Show HN: Meson, a C build system - felipellrocha
https://github.com/mesonbuild/meson
======
jordigh
So... what does it do better than CMake and autotools?

Looks like the answers can be found here, which would be a more pertinent
link. Can we change the original github link to this?

[http://mesonbuild.com/](http://mesonbuild.com/)

At a glance, I don't see how it solves the problem that autotools solves: test
for features, not for versions. Not sure if that's a problem people are trying
to solve anymore. Instead, everyone is required to have the latest version of
everything at all times to build, I suppose, and building older versions is
never supported.

------
dpc_pw
Once in my careerer I was already tasked with stripping a C project from a
Python based building system (SCons, IIRC) because it was damn slow, buggy,
and problems with Python and SCons were more severe than with a C codebase
itself. I replaced it with kbuild, and it still works nicely in production
even today.

I'm hesitant getting anything Python-related next to my C codebase, and IMO,
C-people are generally not very enthusiastic about Python.
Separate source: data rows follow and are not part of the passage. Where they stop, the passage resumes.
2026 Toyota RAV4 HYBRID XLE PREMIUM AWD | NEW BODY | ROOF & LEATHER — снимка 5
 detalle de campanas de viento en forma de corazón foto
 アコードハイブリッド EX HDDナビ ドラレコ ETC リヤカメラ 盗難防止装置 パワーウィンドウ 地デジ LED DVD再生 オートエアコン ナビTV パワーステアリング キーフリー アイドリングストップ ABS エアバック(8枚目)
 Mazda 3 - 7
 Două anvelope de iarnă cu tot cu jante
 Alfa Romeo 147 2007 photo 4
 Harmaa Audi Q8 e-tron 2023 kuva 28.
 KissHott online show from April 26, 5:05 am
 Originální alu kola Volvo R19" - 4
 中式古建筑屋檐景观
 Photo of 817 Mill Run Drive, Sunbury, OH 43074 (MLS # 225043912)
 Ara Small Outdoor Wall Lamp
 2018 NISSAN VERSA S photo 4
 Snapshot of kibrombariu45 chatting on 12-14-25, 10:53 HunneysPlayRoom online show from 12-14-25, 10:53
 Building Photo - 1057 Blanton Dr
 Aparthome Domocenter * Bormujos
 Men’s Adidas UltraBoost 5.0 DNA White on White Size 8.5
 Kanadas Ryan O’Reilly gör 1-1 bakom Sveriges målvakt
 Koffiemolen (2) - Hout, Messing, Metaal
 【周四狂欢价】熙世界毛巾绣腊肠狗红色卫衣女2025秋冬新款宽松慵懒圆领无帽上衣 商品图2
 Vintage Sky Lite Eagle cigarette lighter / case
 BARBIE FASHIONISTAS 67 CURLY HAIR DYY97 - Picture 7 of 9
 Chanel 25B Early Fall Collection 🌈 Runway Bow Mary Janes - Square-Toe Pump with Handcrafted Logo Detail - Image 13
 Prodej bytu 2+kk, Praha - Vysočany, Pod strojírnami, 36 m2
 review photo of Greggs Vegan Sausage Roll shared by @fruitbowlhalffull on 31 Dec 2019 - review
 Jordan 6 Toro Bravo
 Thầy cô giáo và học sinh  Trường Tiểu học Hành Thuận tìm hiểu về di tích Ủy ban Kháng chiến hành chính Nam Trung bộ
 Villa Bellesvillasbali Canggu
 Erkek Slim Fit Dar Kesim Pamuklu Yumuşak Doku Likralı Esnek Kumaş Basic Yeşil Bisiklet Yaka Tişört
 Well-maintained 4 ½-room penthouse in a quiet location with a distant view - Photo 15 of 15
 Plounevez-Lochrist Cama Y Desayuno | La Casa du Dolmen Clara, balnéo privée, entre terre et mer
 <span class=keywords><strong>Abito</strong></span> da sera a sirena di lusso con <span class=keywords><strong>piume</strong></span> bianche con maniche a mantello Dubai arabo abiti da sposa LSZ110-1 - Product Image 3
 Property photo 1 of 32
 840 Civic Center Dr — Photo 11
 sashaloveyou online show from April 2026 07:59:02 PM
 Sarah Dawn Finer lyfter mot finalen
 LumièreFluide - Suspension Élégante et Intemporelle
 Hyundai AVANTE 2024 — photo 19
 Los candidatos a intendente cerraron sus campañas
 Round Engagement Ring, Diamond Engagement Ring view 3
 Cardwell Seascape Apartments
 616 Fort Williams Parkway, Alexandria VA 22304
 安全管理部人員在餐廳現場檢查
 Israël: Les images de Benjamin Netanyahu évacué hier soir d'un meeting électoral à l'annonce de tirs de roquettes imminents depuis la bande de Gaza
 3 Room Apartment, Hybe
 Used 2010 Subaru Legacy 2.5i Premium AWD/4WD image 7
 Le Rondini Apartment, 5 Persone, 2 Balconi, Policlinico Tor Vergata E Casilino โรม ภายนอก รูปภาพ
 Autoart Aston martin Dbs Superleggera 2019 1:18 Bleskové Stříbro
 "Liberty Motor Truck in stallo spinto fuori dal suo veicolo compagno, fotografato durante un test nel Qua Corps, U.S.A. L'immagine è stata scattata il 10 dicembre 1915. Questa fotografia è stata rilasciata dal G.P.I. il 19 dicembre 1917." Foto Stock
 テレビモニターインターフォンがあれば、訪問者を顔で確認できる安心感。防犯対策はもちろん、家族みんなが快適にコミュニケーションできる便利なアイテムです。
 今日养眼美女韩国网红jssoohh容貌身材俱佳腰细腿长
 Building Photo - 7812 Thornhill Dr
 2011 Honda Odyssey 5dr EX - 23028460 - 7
Once the time
comes, that something custom needs to be done in the building system, dealing
with Python syntax, completely new abstractions, etc. is just more pain than
using established solutions that everyone are familiar with (make, autotools,
CMake).

Maybe Python 3 ecosystem (things like packaging etc.) does not suck as much as
Python 2 (though I'd bet it still does), and maybe Meson is really great, but
on top of my Python-implementation reservations, I also don't see much of a
point: the billions of C legacy code will not be ported to a new building
system, a there should be not that much new projects in raw C anyway, with
languages like Go, Rust, D showing clear road ahead, baking their own
solutions for common building system issues. Projects like "tup" have much
more appeal to my C-developer nature, but then again, I didn't have
opportunity to employ tup anywhere, as nowadays I write every new project in
Rust.

Than again, it's just my personal opinion, and I guess somewhere, some people
could find it really fitting their needs.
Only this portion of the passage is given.